И я отвечу: революция.
О чём же спорить?
Очевидно, надо условиться, что называть революцией и что реформацией, иначе можно спорить до бесконечности и всё же никогда ни к чему не прийти. А решение вопроса ‘революция или реформация?’ без строго определённого выяснения того содержания, которое вкладывается в эти слова, в конце концов не есть решение, а есть замена одного вопроса другим.
Я лично настаиваю на том, что сущность наших разногласий с Д. С. Мережковским должна быть выражена совершенно другой формулой. Не ‘реформация или революция’, а ‘революция или бунт’.
Д. С. совершенно неправильно характеризует наше отношение к Церкви как ‘реформаторское’, а своё как ‘революционное’. Революционеры мы, — а он бунтовщик. Тут спор не о словах, тут внутренняя неправильность в постановке вопроса, которая так мешает нам понять друг друга и работать совместно, не разделяясь, не дробясь на мелкие кружки и тем не ослабляя и без того слабых религиозных интеллигентных сил.
__________________
Прежде чем обсуждать позицию Д. С. Мережковского по отношению к Церкви и доказывать, что его проповедь не есть проповедь религиозной революции, а религиозного бунта, необходимо сделать одну оговорку.
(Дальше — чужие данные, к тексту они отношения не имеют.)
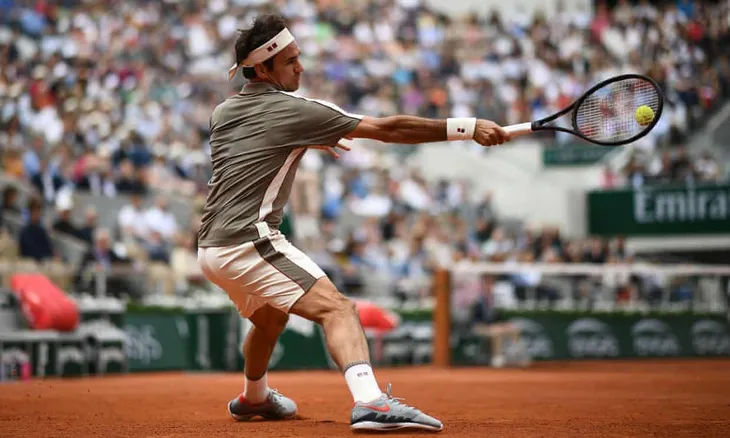 Roger Federer và các tay vợt hạt giống dễ dàng tiến vào vòng 2 Pháp mở rộng 2019 - Ảnh 2. Roger Federer và các tay vợt hạt giống dễ dàng tiến vào vòng 2 Pháp mở rộng 2019 - Ảnh 2.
Вопрос о том, кто из нас прав, Д. С. Мережковский или мы, совершенно не может быть решён с точки зрения нерелигиозного сознания. Нерелигиозную точку зрения я вполне понимаю и считаю её совершенно логичной: в Церкви ничего кроме гнусностей нет, значит, всякий порядочный человек должен уйти из Церкви.
Кстати, это совпадение конечных утверждений нового религиозного сознания со взглядами безрелигиозной оппозиции может возбуждать в последней большое сочувствие к проповеди Д. С. Мережковского. Но совершенно ясно, что решить вопрос прав Д. С. Мережковский или нет можно, только встав условно на его почву. Надо выяснить, имеет ли он основания проповедовать разрыв с православием. И проповедь разрыва в его устах является ли проповедью революции или проповедью бунта.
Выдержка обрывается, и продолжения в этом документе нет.